The worst error on my part: I had never seen a WC or WCX. I scanned the rules ahead of time and knew there would be gunners in the field in white, like in a field trial, but with much shorter distances. What I did not realize was that it was like a field trial in that there are no duck calls before the birds is thrown, only a gun shot. In many cases, the gun shot was nearly simultaneous with the bird being thrown. I have only done hunt tests. I have never trained for the situation of white-coated gunners and no quack-quack. 

WCX (land triple, water double): In the land triple, with birds at about 80 (first thrown), 70 (second thrown in middle), and 50 yards (flyer go-bird), I had him lined up facing the middle bird. He glanced in the direction of the gunshot from the first bird, thrown against a background of a dark hillside, but I'm pretty sure he didn't see the bird. He easily got the flyer and middle bird. I lined him up for the third and hoped for the best. He bounded out, got halfway, and started searching. He started to come back, changed his mind, and went back and found it. The wind was in our favor. I don't know if he scented the bird or followed dragback or figured out that the bird must be somewhere close to the guy in the chair. On the water double, I thought I was more on the ball, but I again had him looking at the go bird when the memory bird went down. However, he went straight across the water and up the hillside to the memory bird so he must have seen it in his peripheral vision. There were 4 entries and 4 passes in the WCX.

WC (land double, 2 water singles). The WC land double looked deceptively easy. Marks were over 90 degrees apart at only about 40 or 50 yards. 










In normal, wetter years, this grassy bowl is a shallow pond with water up to about where the flyer is being thrown from. Of the 13 dogs that ran, only 7 passed this series. Dog after dog would run to the area of fall, appear to be close to the bird and then not be able to find it. I think these wet "bowls" are very difficult for an inexperienced dog. The birds were landing in beige-colored grass about a foot high. The soft grass and wet ground cushioned the birds' falls, so the dogs could not heard a thud. Scent from the bird that had just fallen was probably trapped by the grass while, at the same time, the wet "bowl" area held the scent of all the other birds that had come before. The dogs that passed had the confidence to stay in the AOF and set up a search until they found the bird. For once, I had Pinyon pointed in the right directions for both falls. He didn't have any trouble. I've thrown marks in this area when it's had water and when it didn't. 

Of the 7 WC dogs that made it to water, 4 passed. They were both fairly simple singles, but some of the dogs seemed reluctant to get a second single that fell close to the gunner. 

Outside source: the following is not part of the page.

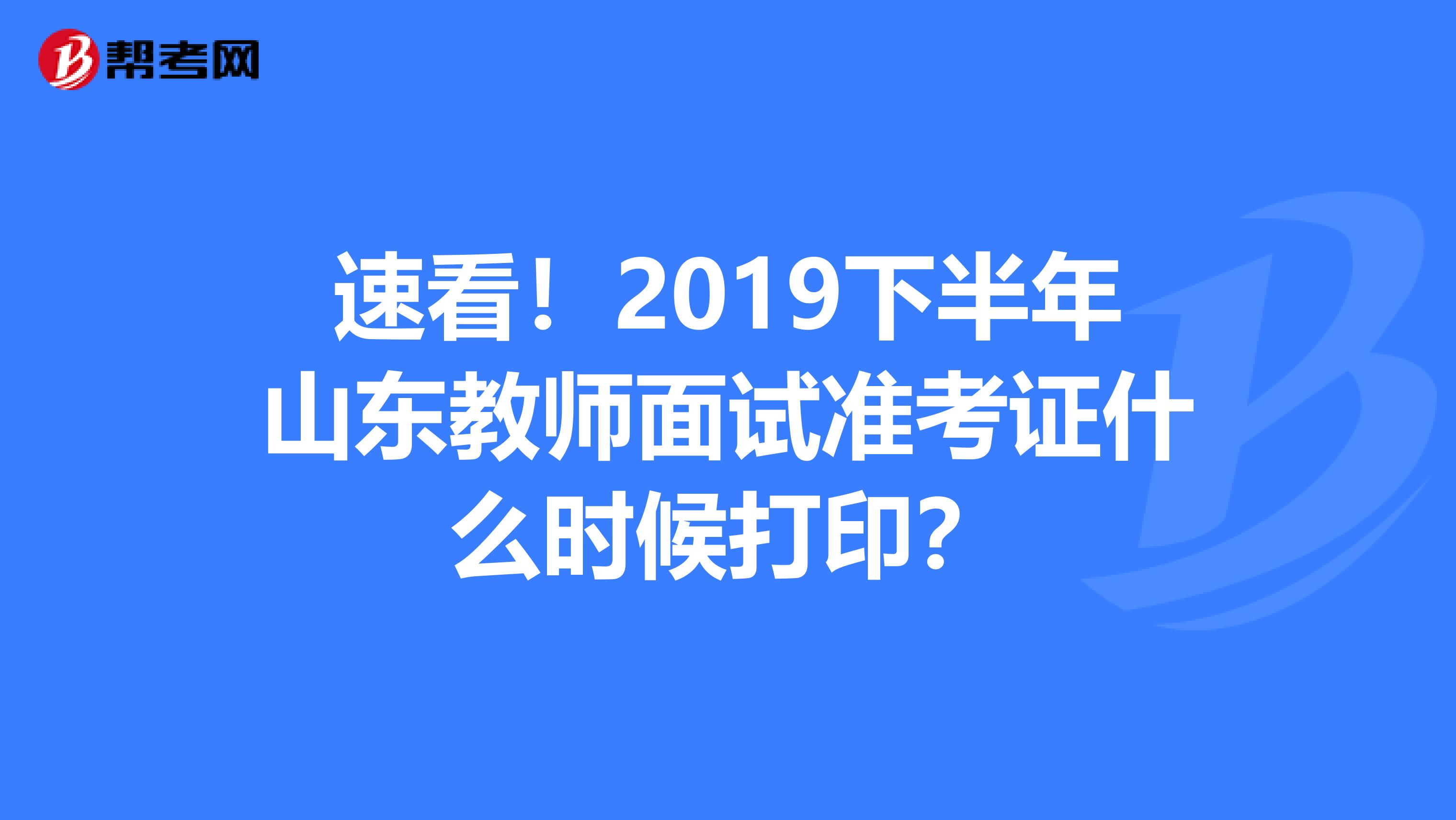 速看！2019下半年山东教师面试准考证什么时候打印？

Out of 13 dogs that ran WC, 4 passed.


----------



## Hildae (Aug 15, 2012)

Sounds a lot like our first WC/WCX as well! We were also used to the quacking, but luckily I think I needed the quacking more than the dog did as she did fine. As to you lining up facing the wrong bird, which I have never done (wink wink ) the trainer we work with likes to say "sometimes it's better to be lucky than good."😄 Congrats!


----------



## DblTrblGolden2 (Aug 22, 2018)

Congratulations ! As someone that hunt trains and ran a WCX (and failed) a few weeks ago I give you a round of applause. I didn’t realize the differences either. Next time we will practice with no calls and a man in white standing in front of the holding blind on the center bird before we go. 😱😂🤣

Cruz stepped on the first two marks. He was positive he should not run out to the man standing near the center mark. He went 1/2 way, looked back at me like “are you sure???” And then went way behind the guy to hunt. The mark was 3 feet from the man.


----------



## SRW (Dec 21, 2018)

Well done, Congratulations.



PalouseDogs said:


> The dogs that passed had the confidence to stay in the AOF and set up a search until they found the bird.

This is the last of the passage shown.